(DATA UNDER STUDY begins)

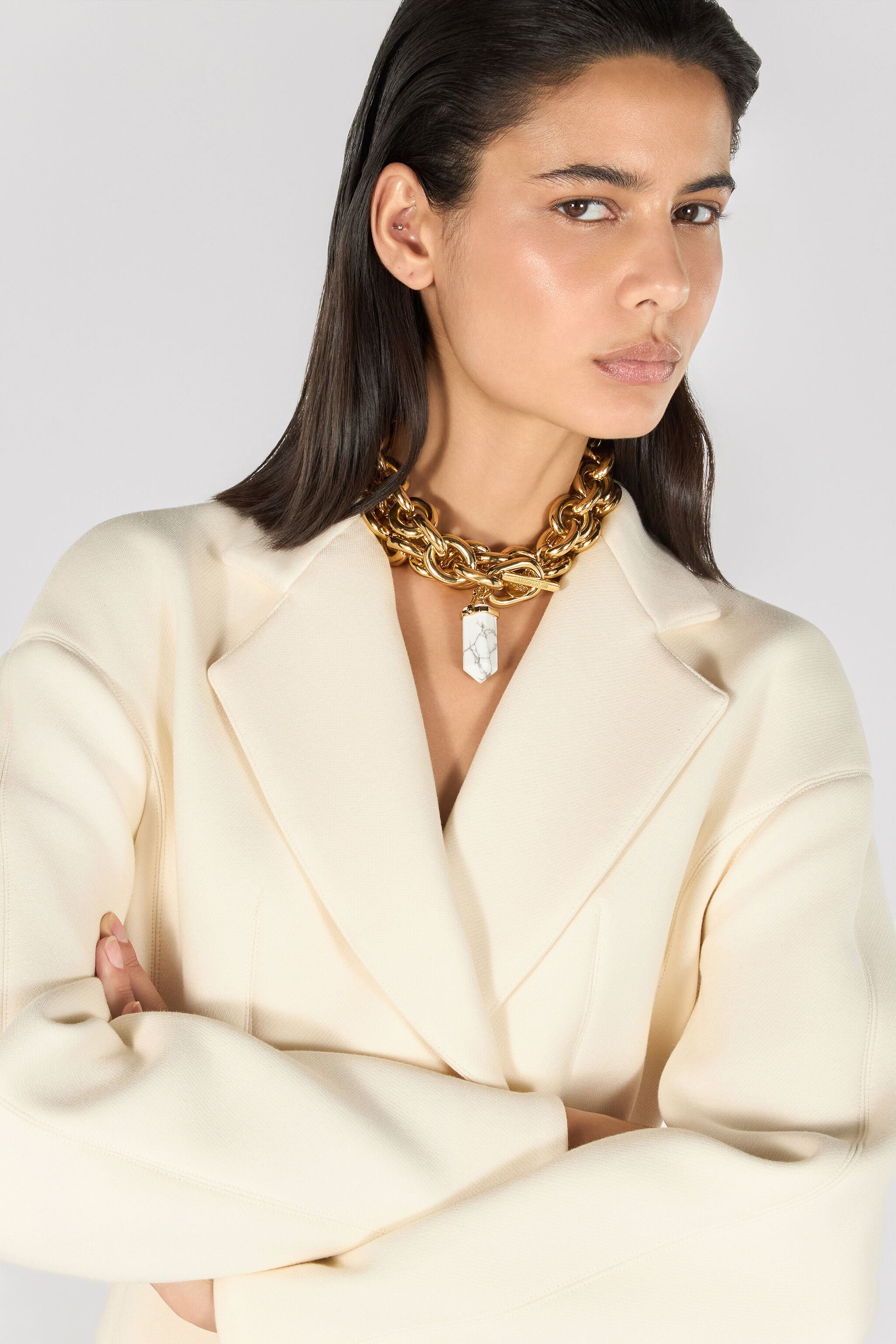 RC Chain necklace with stone pendant RC Chain necklace with stone pendant Gold TWG009-AM002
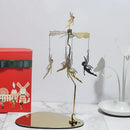 Rotary Candle Holder Metal Spinning Candle Holder With Tray Rotating Candlestick Set Stainless Steel Aromatherapy Wind Chime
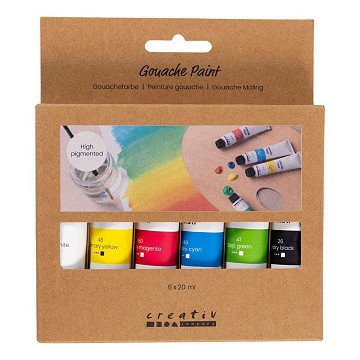 Gouache Paint Standard Colours - 6x20ml.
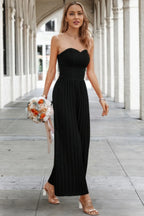 Elegant Off Shoulder Pleated High Waist Jumpsuit | Mixtshop LLC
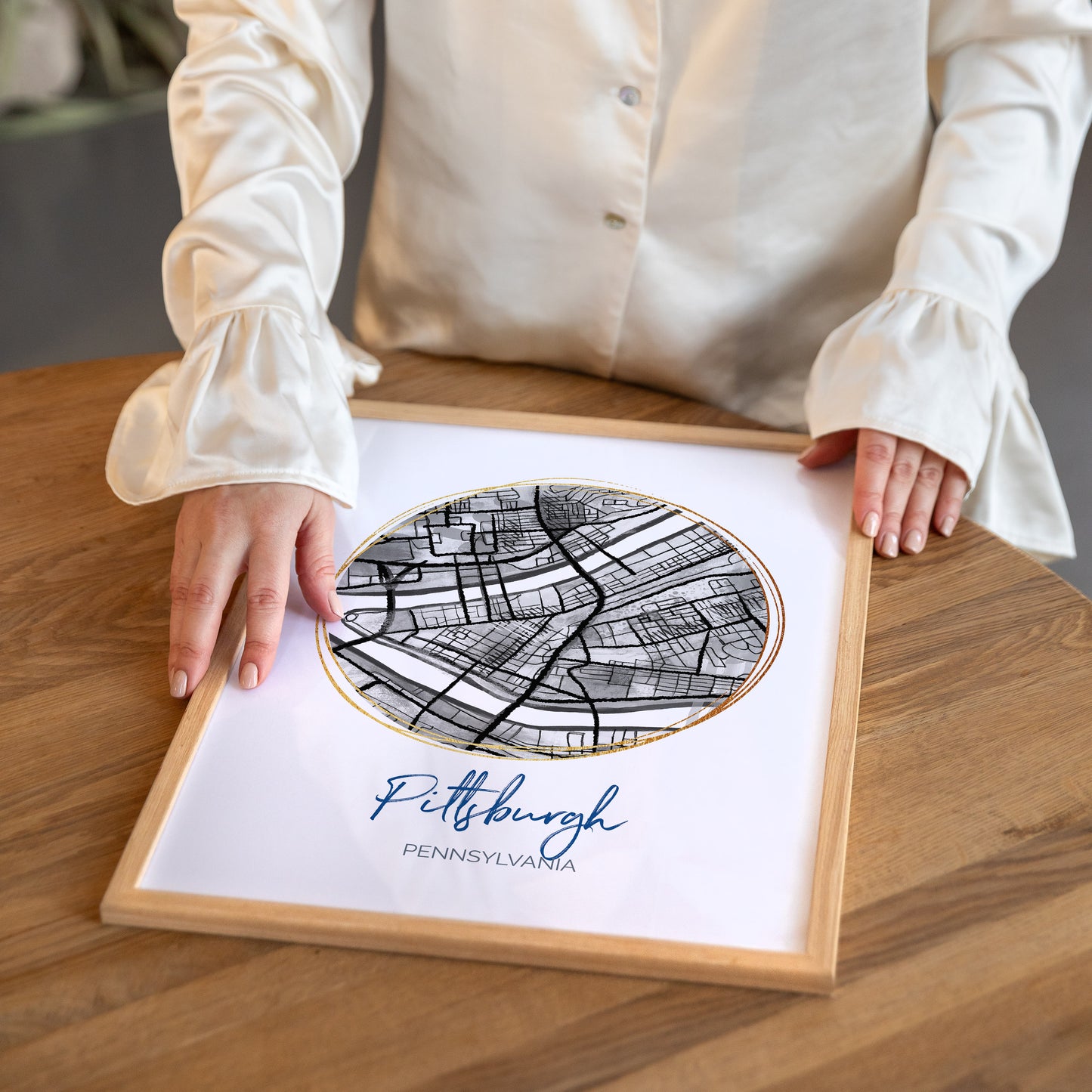 Pittsburgh PA Map Art - Digital Fine Art Print.  Black & White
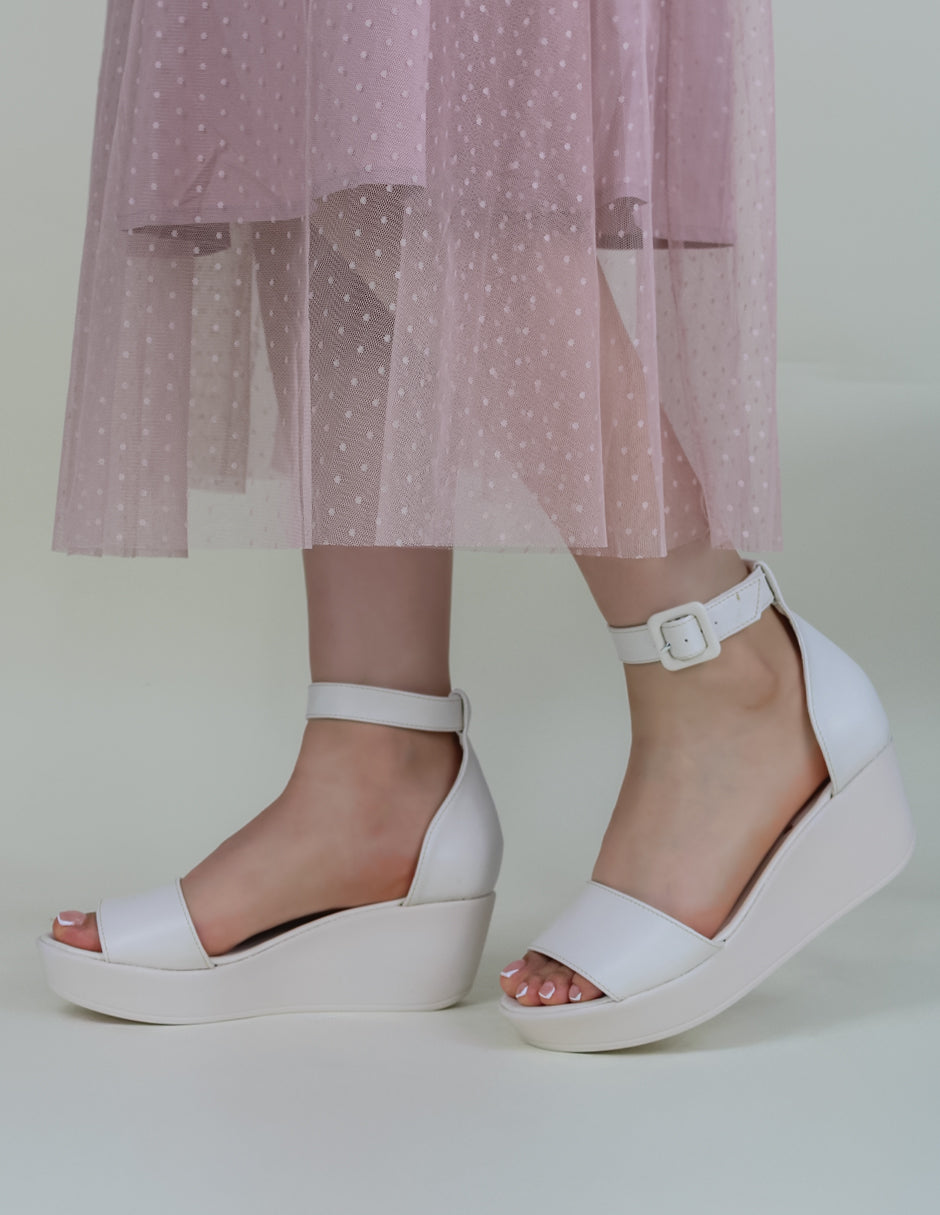 Sandalias con plataforma en Piel Vegana – Blanco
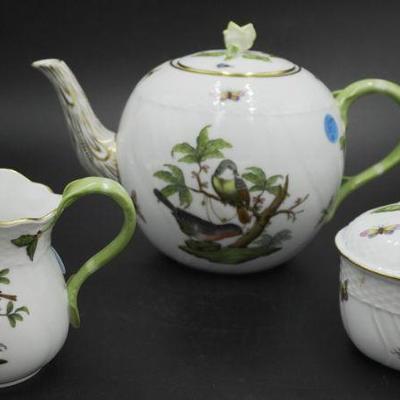 3 PC HEREND ROTHSCHILD BIRD TEAPOT, CREAMER, SUGAR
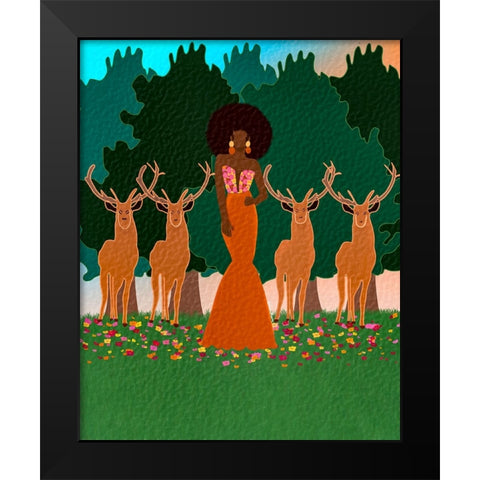Lena and the Deers Black Modern Wood Framed Art Print by Lorintheory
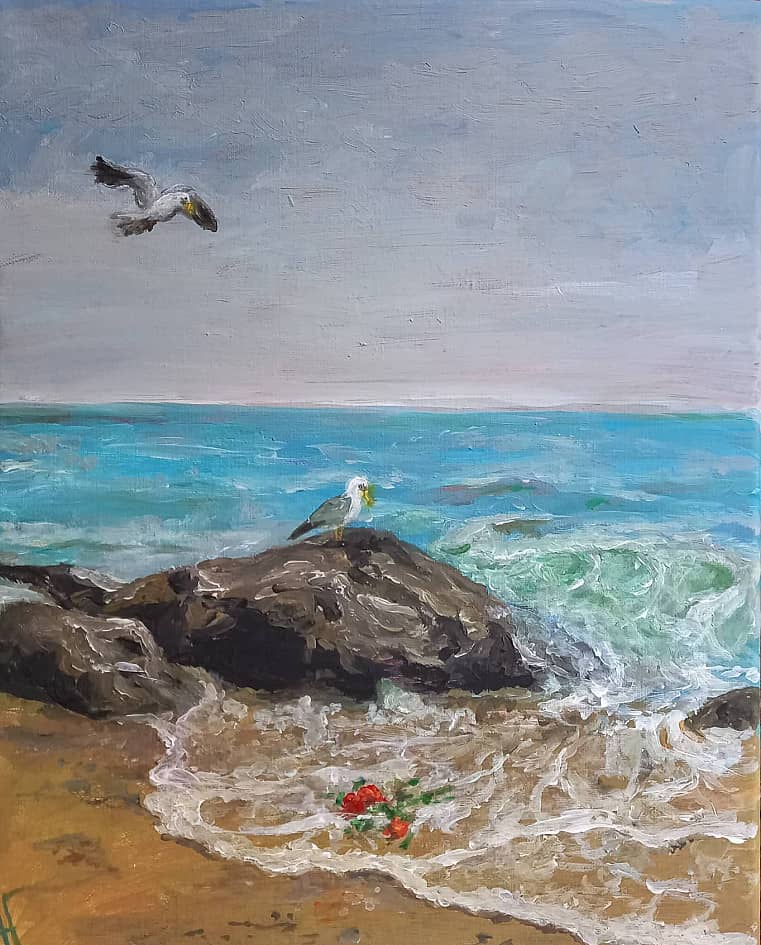 Забытый букет алых роз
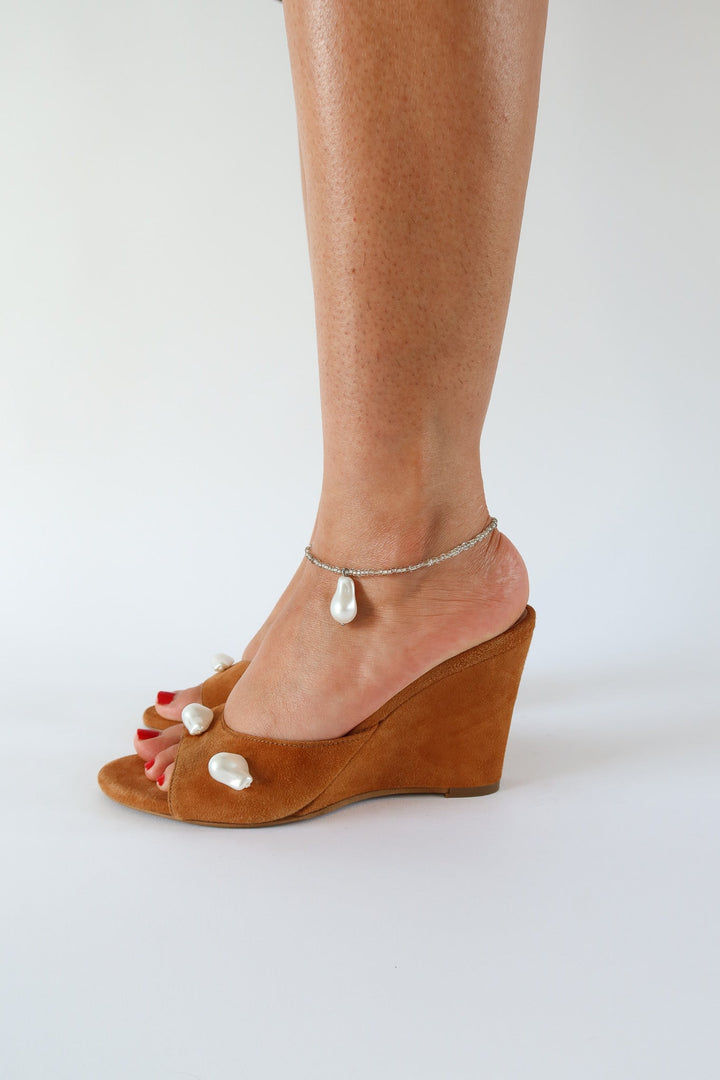 Kourtney Suede Wedge Sand Brown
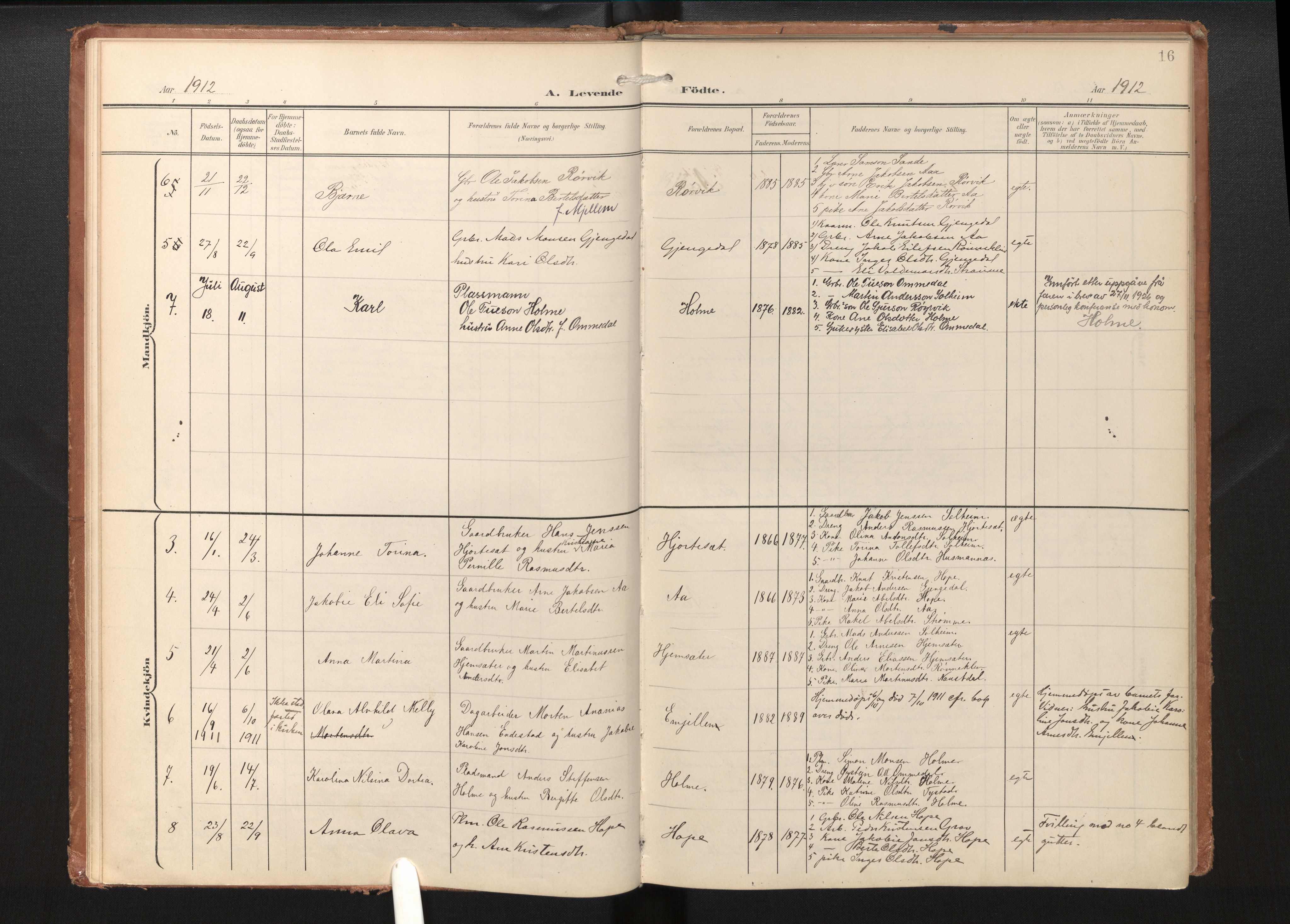 Gloppen sokneprestembete, AV/SAB-A-80101/H/Haa/Haae/L0002: Parish register (official) no. E 2, 1904-1925, p. 15b-16a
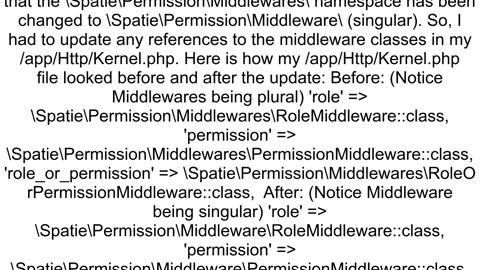 Target class SpatiePermissionMiddlewaresPermissionMiddleware does not exist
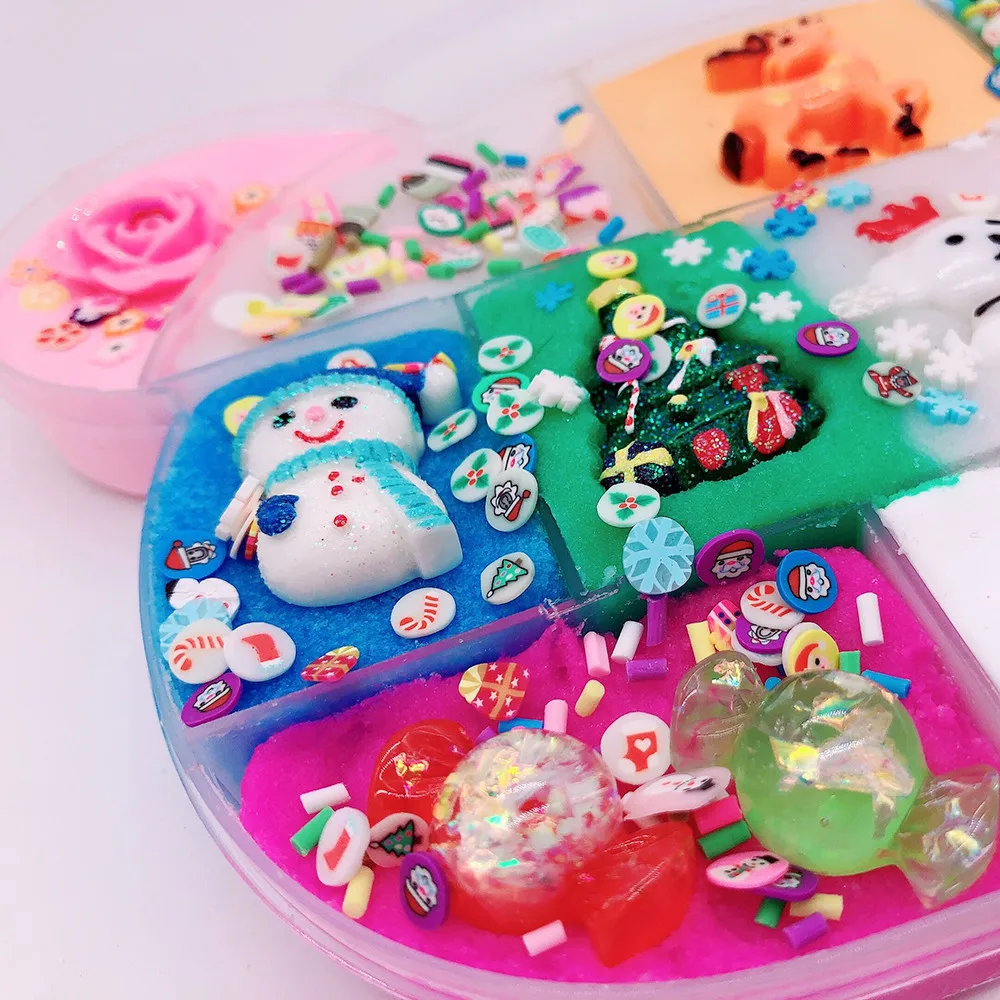 Portable Christmas Pallet Slime Snowman Charms Santa Claus Candy Slice Plasticine Toy Squishy Antistress For Kids Christmas Gift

(DATA UNDER STUDY ends)

TASK
Starting with the line above that holds "Sandalias con plataforma", restate each line word for word up to and including the line that holds "1904-1925, p. 15b-16a". Drop the pictures.

WORKED SOLUTION
 Sandalias con plataforma en Piel Vegana – Blanco
 3 PC HEREND ROTHSCHILD BIRD TEAPOT, CREAMER, SUGAR
Lena and the Deers Black Modern Wood Framed Art Print by Lorintheory
 Забытый букет алых роз
 Kourtney Suede Wedge Sand Brown
 Gloppen sokneprestembete, AV/SAB-A-80101/H/Haa/Haae/L0002: Parish register (official) no. E 2, 1904-1925, p. 15b-16a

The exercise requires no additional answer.